• Question: What is the hardest thing about being a scientist?

    Asked by anon-314133 on 10 Mar 2022.
    • Photo: Mary Clarke

      Mary Clarke answered on 10 Mar 2022:


      Getting money to do the research 🙁

    • Photo: Amy Worrall

      Amy Worrall answered on 10 Mar 2022:


      Dealing with failure- a lot of things just won’t work and you need to be ready to pick yourself up and try a new angle!

    • Photo: Emily Clarke

      Emily Clarke answered on 11 Mar 2022:


      Dealing with things going wrong. It definitely makes you more resilient.

    • Photo: Elpida Vounzoulaki

      Elpida Vounzoulaki answered on 11 Mar 2022:


      That sometimes you don’t have an answer to everything, or your experiments/code fail. I am lucky to work as part of a very supportive team though! 🙂

    • Photo: Sophie Langdon

      Sophie Langdon answered on 11 Mar 2022:


      When things don’t work/go wrong and you can’t work out why! It can be very frustrating and you can spend a long time trying to fix it. Ultimately though, sometimes in science things just don’t work so you have to leave it and move on which doesn’t always feel great.

      Also if you work in academia funding is a real issue as @Mary has said!

    • Photo: Chigozie Onuba

      Chigozie Onuba answered on 11 Mar 2022:


      I don’t think there’s anything hard. Just have to be prepared to study and work hard

    • Photo: Kerry Ann Brown

      Kerry Ann Brown answered on 14 Mar 2022:


      Perseverance and transparency! Science requires a systematic approach to collecting information and analysing/interpreting that information. It can take patience and a commitment to do things correctly and keep good notes so everyone can see what was done and why.

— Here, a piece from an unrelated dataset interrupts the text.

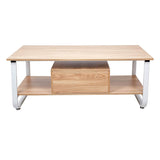 Bosonshop 47” Modern End Table with Drawer Storage Shelf Rectangular Side Table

If you are in a hurry this can be hard. It is worthwhile though to protect anyone who has taken part in our research and also to make sure we can trust our results!

    • Photo: Sara Luzzi

      Sara Luzzi answered on 14 Mar 2022:


      Dealing with rejections and failed experiments is probably the hardest one, but every job has stumbling blocks and some risk of failure. If you like what you do, and if you have help from others, even the hardest thing can become manageable.

    • Photo: Rebecca Locke

      Rebecca Locke answered on 16 Mar 2022:


      For me it’s probably my code not working, so I spend a whole day trying to work out why and it turns out to be the smallest thing. You can’t make any errors when it comes to making software for diagnosing something that may affect a patient’s life, so you have to make sure anything you find is ‘real’!